### Work to complete
For this exercise, restate every line below word for word and drop the images.

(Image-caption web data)
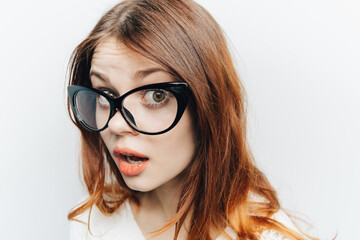 Fototapeta premium pretty woman with glasses red lips glamor modern style close-up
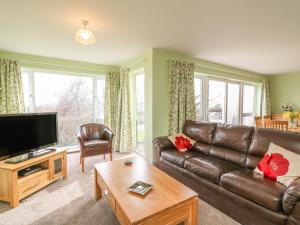a living room with a leather couch and a tv at Tamar 4 in Callington
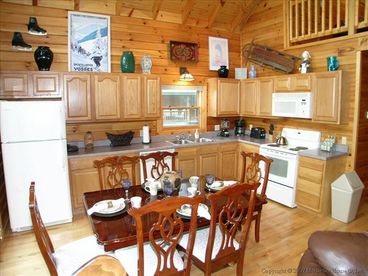 Full kitchen with dining for six.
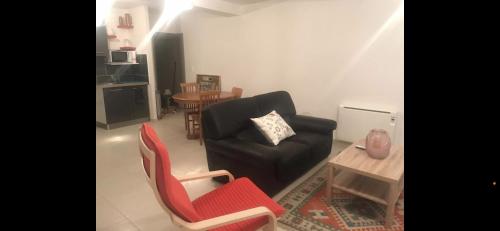 ein Wohnzimmer mit einem Sofa, Stühlen und einem Tisch in der Unterkunft Appartement dans uns corps de ferme in Follainville-Dennemont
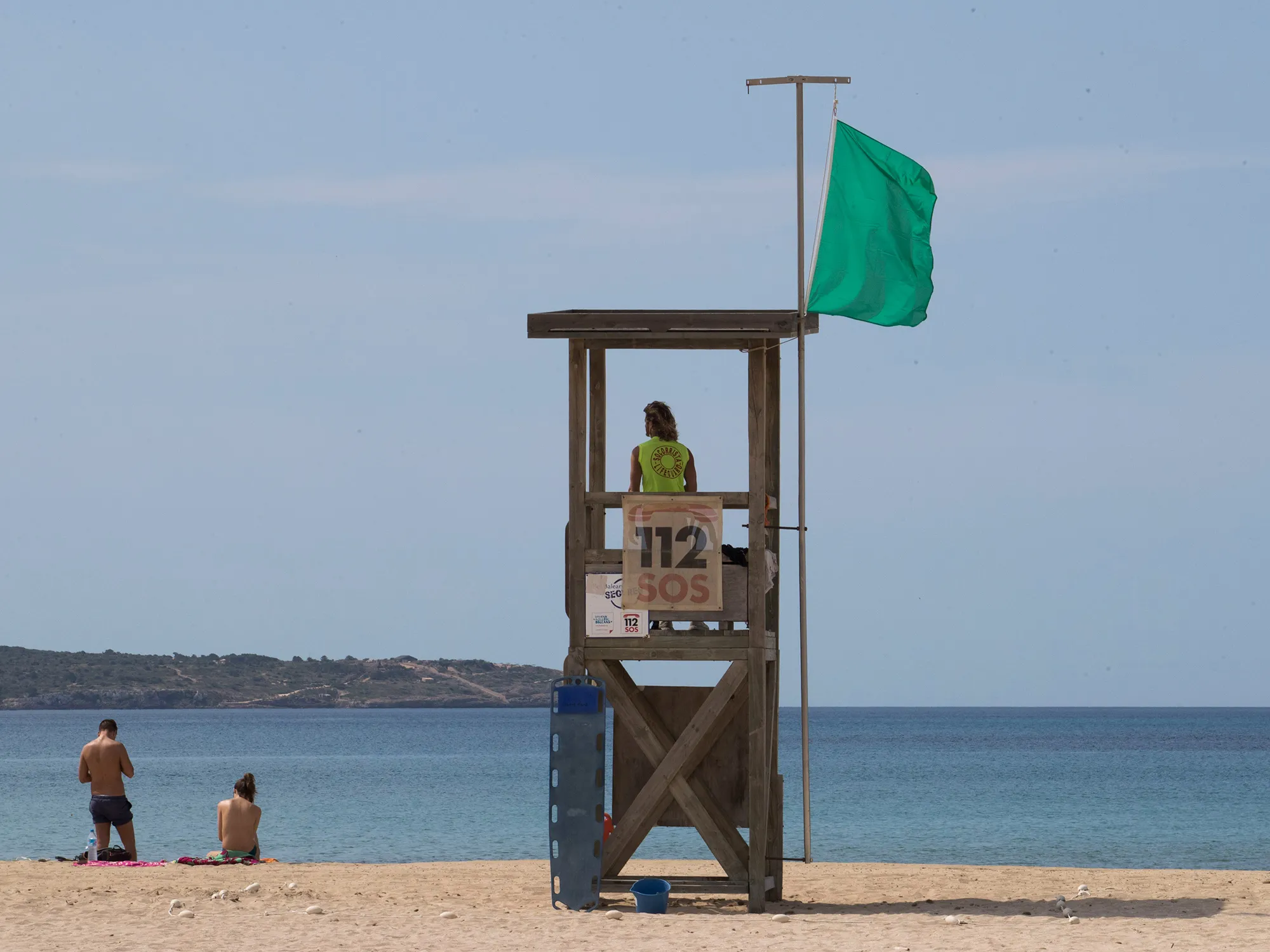A beach watcher on th Can Pastilla Beach in Palma de Mallorca, Spain,&nbsp;on May 25.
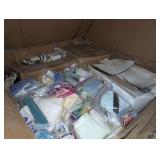 ENORMOUS PALLET SIZE BOX FILLED WITH DISASTER RELIEF HYGIENE KITS, BOXES OF PROTECTIVE OVERALLS, MOSQUITO NET CANOPY, AND MORE
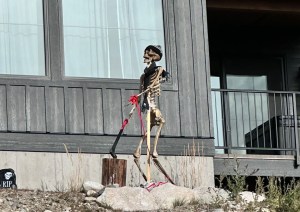 A skeleton decoration has a toque and scarf and is set up to look like its chopping wood.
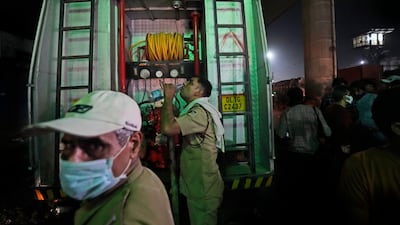 A fire official quenches his thirst. AP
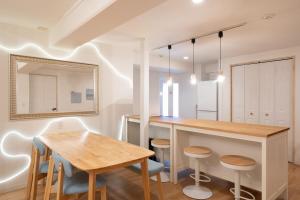 a kitchen with a table and a dining room at Liminal Retreats NAGOYA in Nagoya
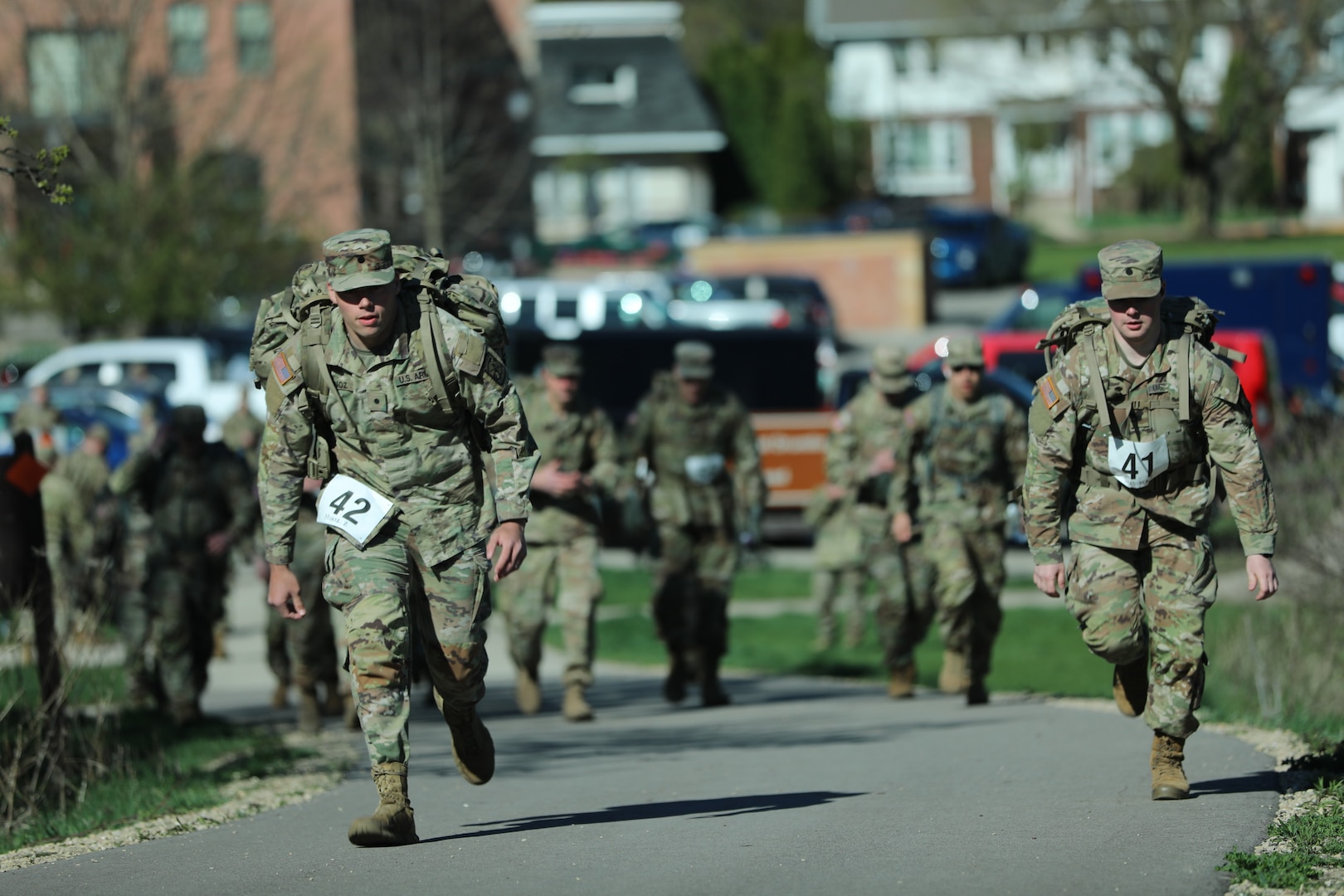 Wisconsin National Guard service members participating in the Norwegian foot march take off from the starting point at the Glacial Drumlin State Trail on April 19, 2024. The Norwegian foot march challenges participants to complete 30 kilometers (18.6 miles) while carrying at least 24 pounds in a rucksack on their back. (U.S. National Guard photo by Staff Sgt. Amber Peck)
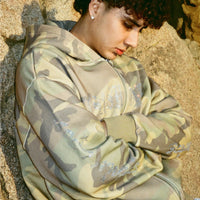 Close-up of 40s & Shorties Angel Wings Hoodie in camo with rhinestone artwork detail on sleeves and chest.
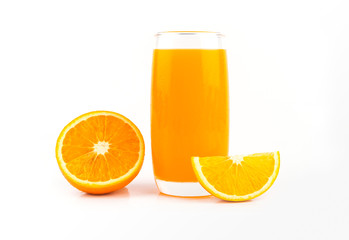 Slices of orange and glass of orange juice on white background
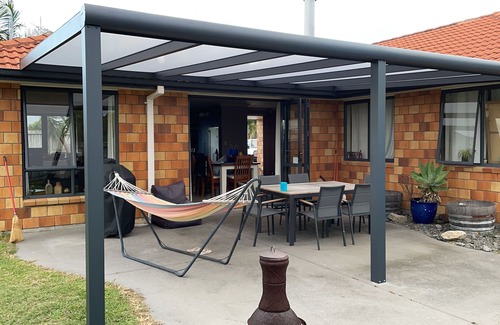 Papamoa Beach Maison | LOCATION. Close to the beach, reserve and shops. Fenced yard with a Spa.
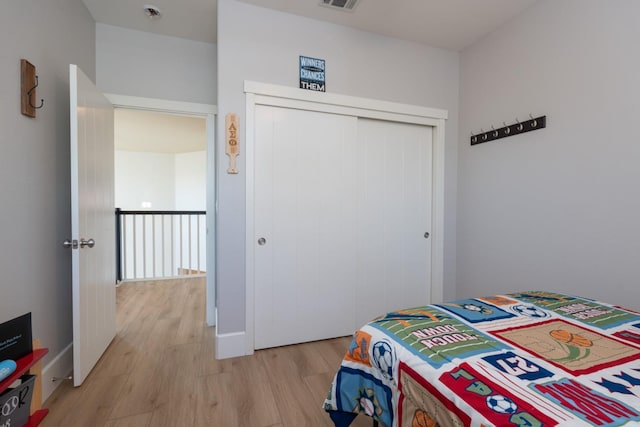 bedroom featuring a closet and light wood-type flooring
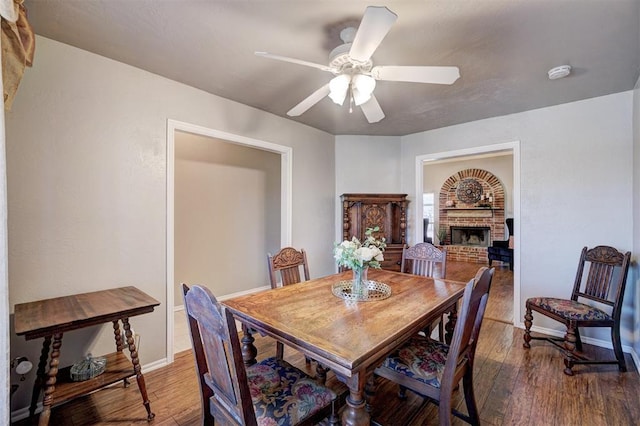 dining room with ceiling fan, a brick fireplace, and hardwood / wood-style floors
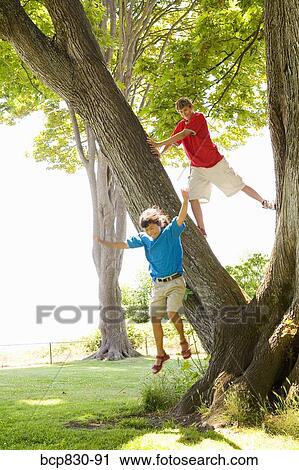 Stock Image - Two friends playing in a park. Fotosearch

### Response to the exercise
 Fototapeta premium pretty woman with glasses red lips glamor modern style close-up
a living room with a leather couch and a tv at Tamar 4 in Callington
 Full kitchen with dining for six.
 ein Wohnzimmer mit einem Sofa, Stühlen und einem Tisch in der Unterkunft Appartement dans uns corps de ferme in Follainville-Dennemont
A beach watcher on th Can Pastilla Beach in Palma de Mallorca, Spain,&nbsp;on May 25.
 ENORMOUS PALLET SIZE BOX FILLED WITH DISASTER RELIEF HYGIENE KITS, BOXES OF PROTECTIVE OVERALLS, MOSQUITO NET CANOPY, AND MORE
 A skeleton decoration has a toque and scarf and is set up to look like its chopping wood.
 A fire official quenches his thirst. AP
 a kitchen with a table and a dining room at Liminal Retreats NAGOYA in Nagoya
 Wisconsin National Guard service members participating in the Norwegian foot march take off from the starting point at the Glacial Drumlin State Trail on April 19, 2024. The Norwegian foot march challenges participants to complete 30 kilometers (18.6 miles) while carrying at least 24 pounds in a rucksack on their back. (U.S. National Guard photo by Staff Sgt. Amber Peck)
 Close-up of 40s & Shorties Angel Wings Hoodie in camo with rhinestone artwork detail on sleeves and chest.
 Slices of orange and glass of orange juice on white background
 Papamoa Beach Maison | LOCATION. Close to the beach, reserve and shops. Fenced yard with a Spa.
 bedroom featuring a closet and light wood-type flooring
 dining room with ceiling fan, a brick fireplace, and hardwood / wood-style floors
 Stock Image - Two friends playing in a park. Fotosearch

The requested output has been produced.